Problem details - Beginning with the line that holds "[Chin] Maso Mesu" and ending with the last line below, repeat each line exactly, leaving any pictures out.

Data extract -
########

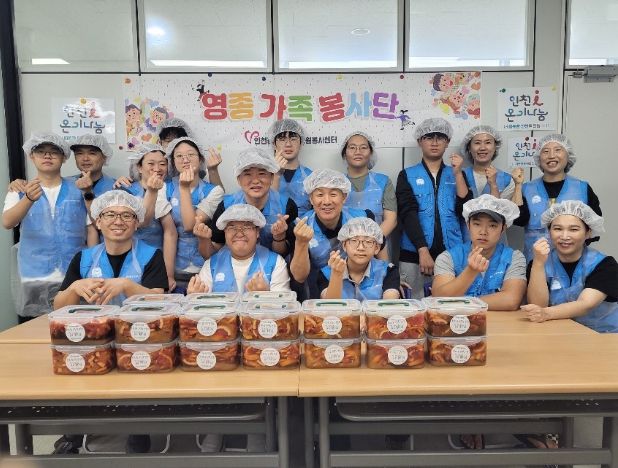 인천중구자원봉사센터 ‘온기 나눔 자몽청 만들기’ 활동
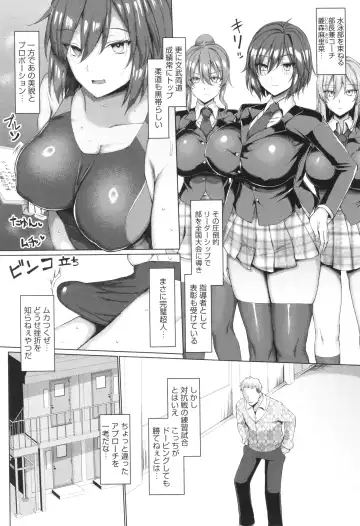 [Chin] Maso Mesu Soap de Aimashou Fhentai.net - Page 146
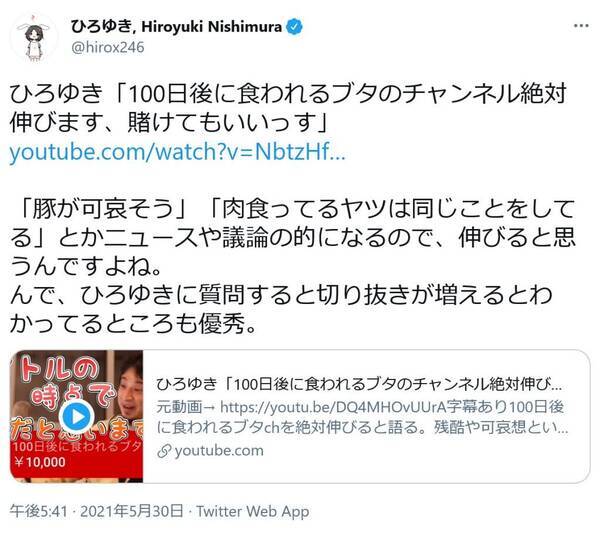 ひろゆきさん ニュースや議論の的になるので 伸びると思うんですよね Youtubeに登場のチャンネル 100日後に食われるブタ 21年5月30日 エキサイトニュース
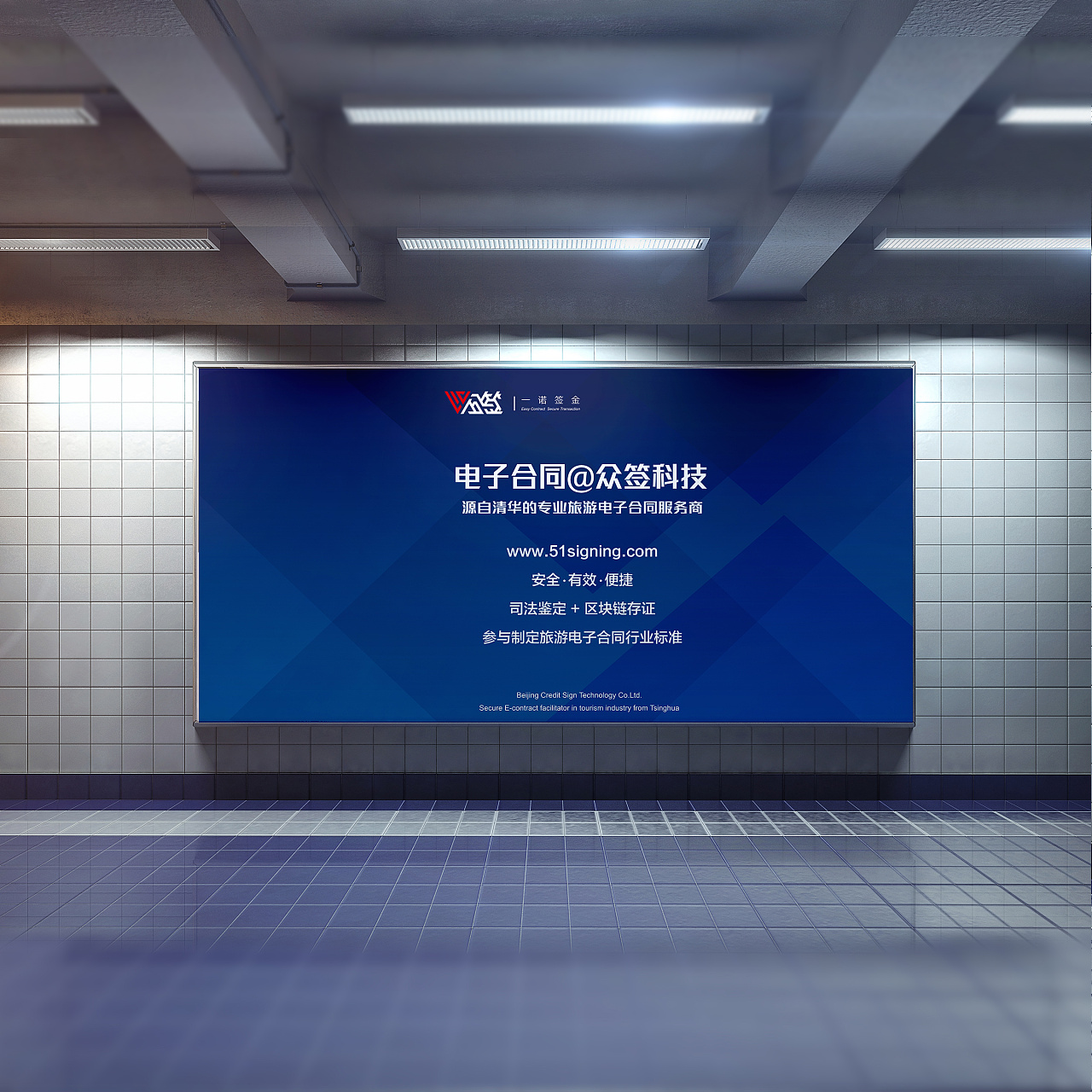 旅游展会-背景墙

########

Solution to the problem -
 [Chin] Maso Mesu Soap de Aimashou Fhentai.net - Page 146
 ひろゆきさん ニュースや議論の的になるので 伸びると思うんですよね Youtubeに登場のチャンネル 100日後に食われるブタ 21年5月30日 エキサイトニュース
 旅游展会-背景墙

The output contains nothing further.